The Teratology Society is a group dedicated to studying the “causes and biological processes leading to abnormal development and birth defects, and appropriate measures for prevention.”

They say that all women who are capable of having babies should take 0.4 milligrams of folic acid, or make sure they consume enough fortified cereal grain products to reach 0.4 milligrams of folic acid per day.

The online journal PLOS Medicine wrote in 2009 that females who take folic acid supplements for at least 12 months before becoming pregnant could cut their risk of having a premature baby by about half. The researchers concluded:

“Preconceptional folate supplementation is associated with a 50-70 percent reduction in the incidence of early spontaneous preterm birth.”

Folic acid is essential for the growth of the embryo’s spinal cord. Because the spinal cord is one of the first parts of the body to be formed, it is important that folic acid levels are right during the earliest stages of development.

Natural sources of folic acid

Spinach leaves
Spinach is rich in folic acid

Dark green vegetables are good sources of folic acid. Be careful not to overcook, as the folic acid content can drop considerably.

The following foods are known to be rich in folic acid:

  • Asparagus
  • Baker’s yeast
  • Broccoli
  • Brussel sprouts
  • Cabbage
  • Cauliflower
  • Egg yolk
  • Jacket potato (large)
  • Kidney
  • Lentils
  • Lettuce
  • Liver (pregnant women should not consume liver)
  • Many fruits have moderate amounts, papaya and kiwi have more
  • Milk
  • Oranges
  • Parsnips
  • Peas
  • Spinach
  • Sunflower seeds
  • Whole wheat bread (usually fortified)

Folic acid deficiency anemia

Individuals who do not eat sufficient folic acid can develop folic acid deficiency anemia. Because folate is important in the production and maintenance of red blood cells, if levels are not adequate, the overall number of red blood cells is lower than the body needs to carry around enough oxygen to supply the body.

This condition can also appear in people who require higher quantities of folate and are not taking supplements, such as pregnant and lactating women.

Folic acid deficiency anemia can also occur in individuals with medical problems like sickle cell disease, or people who have conditions where the body does not absorb enough folate, for instance in alcohol abuse or kidney disease.

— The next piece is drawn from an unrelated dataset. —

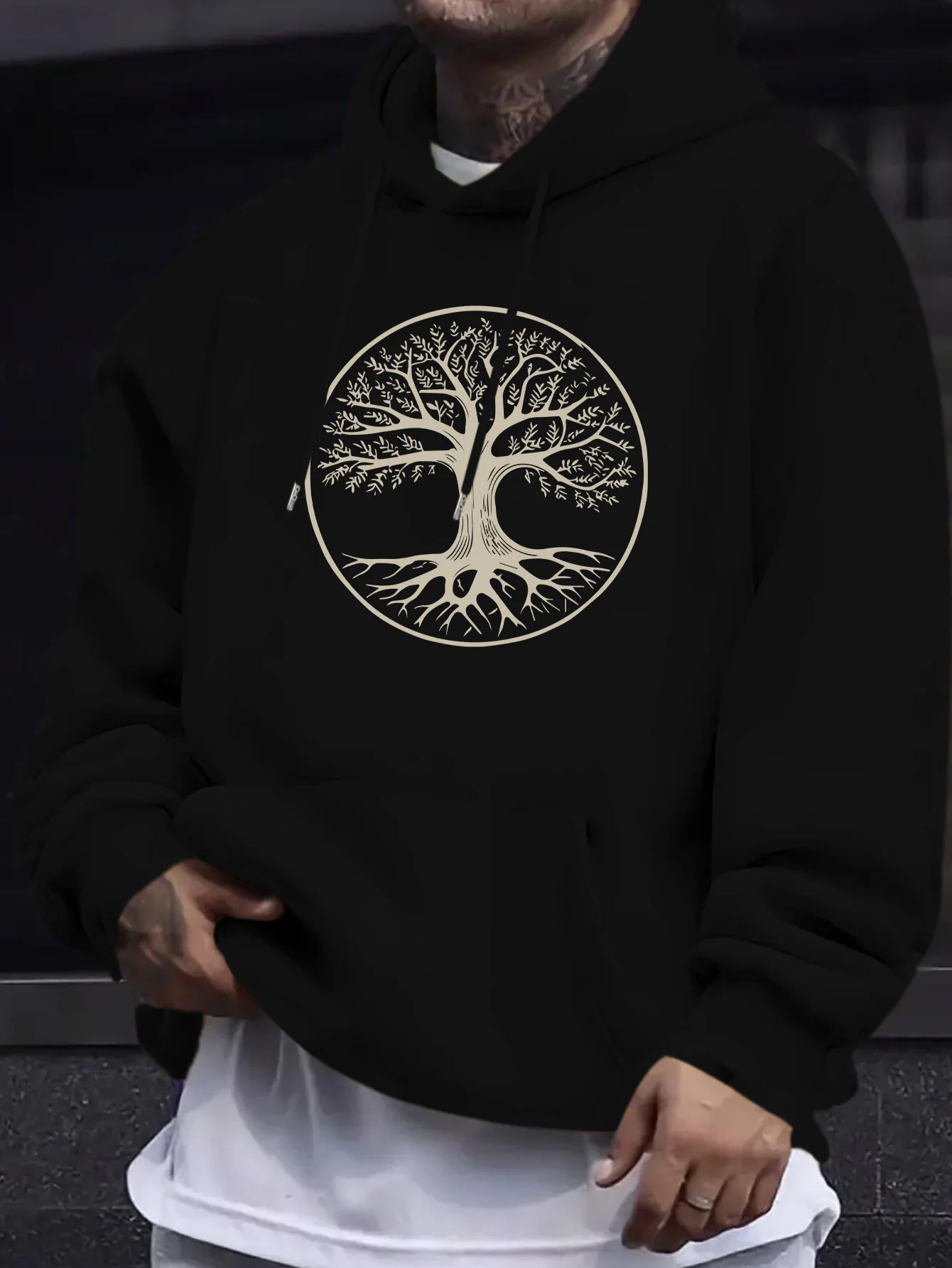 

Top Pick 2025 Men's Tree of Life Hoodie - Kangaroo Pocket, Stretchy, Spring-Autumn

Some medications, such as those used for treating rheumatoid arthritis, cancer, and seizures may raise the risk of folic acid deficiency anemia.

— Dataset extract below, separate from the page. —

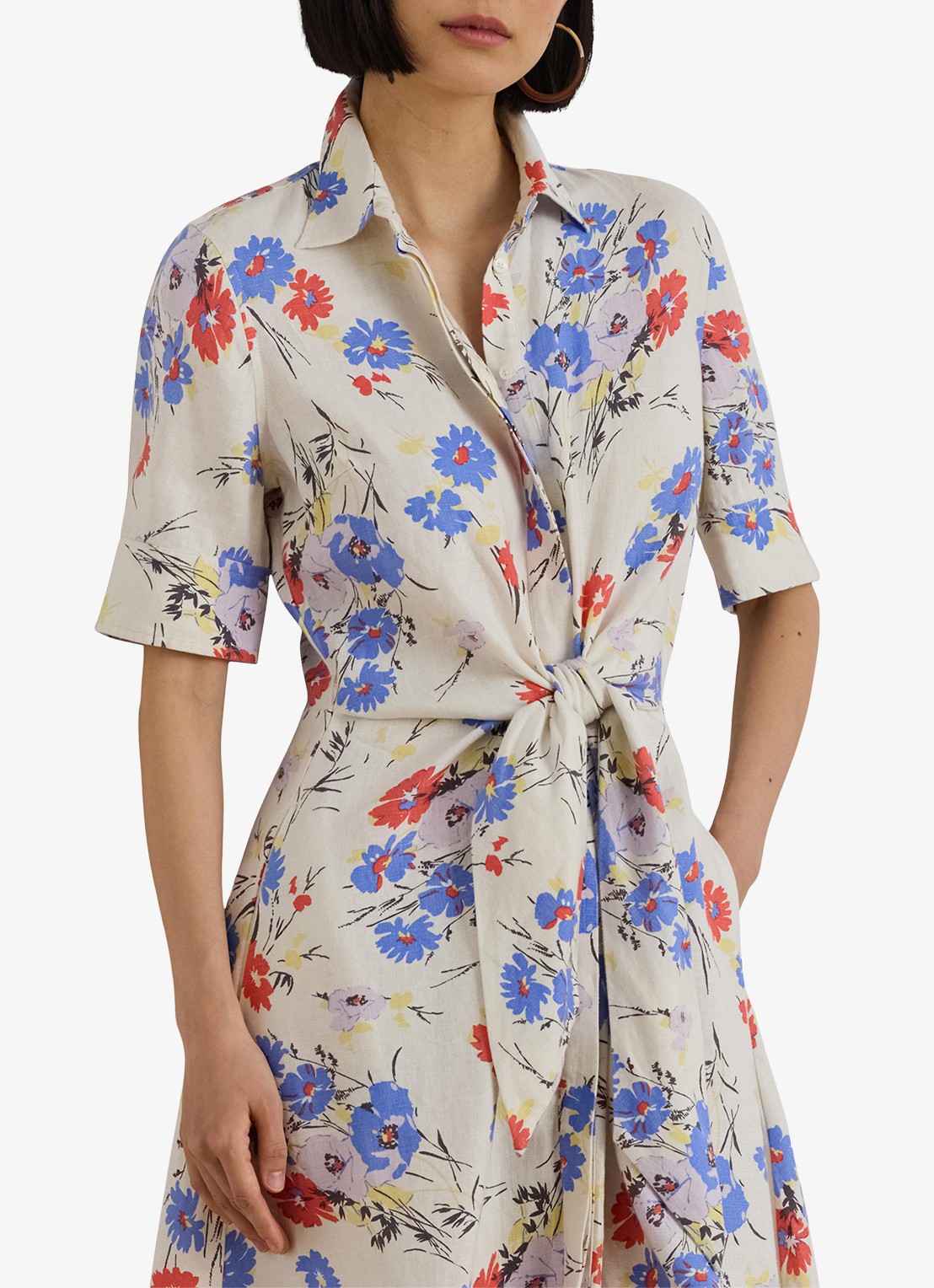 Ralph Lauren Midi blousejurk van linnen met bloemenprint - detail 3 cream multi / creme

The signs and symptoms of folic acid deficiency disease include:

  • Fatigue, tiredness
  • Feeling generally weak
  • Sores around the mouth
  • Forgetfulness
  • Being irritable
  • Loss of appetite
  • Weight loss

Patients with folic acid deficiency anemia are given folic acid pills to be taken daily. Once folate levels are returned to normal, the body is able to produce enough blood cells to allow the body to function normally again.

Folic acid deficiency

Apart from anemia and birth defects, folate acid deficiency can result in:

  • A higher risk of second heart attacks.
  • A higher risk of strokes. A study in the medical journal Circulation reported that adding folic acid to foods contributes significantly to reducing stroke death by lowering homocysteine levels, a risk factor for cardiovascular disease.
  • A higher risk of some cancers, such as stomach cancer.
  • A considerable drop in male sperm count and, consequently, male fertility. One study found that folic acid may improve a man’s chances of fathering a child.
  • A higher risk of developing clinical depression – lower levels of folate and other B vitamins have been found in depressed patients.
  • Possible memory and mental agility problems.
  • Perhaps a higher risk of developing allergic diseases.
  • A higher long-term risk of lower bone density (hypothesis).

The Medical Journal of Australia wrote in January 2011 that the prevalence of folate deficiency in the country dropped considerably since the introduction of compulsory fortification of wheat flour used in bread-making.

Folic acid side effects

There are no serious side effects to taking folic acid. Sometimes, certain individuals report an upset stomach, but this is a rare occurrence.

Even if more folate is taken than needed, there is no cause for concern. Because folic acid is water-soluble, any excess will be naturally excreted (passed in urine).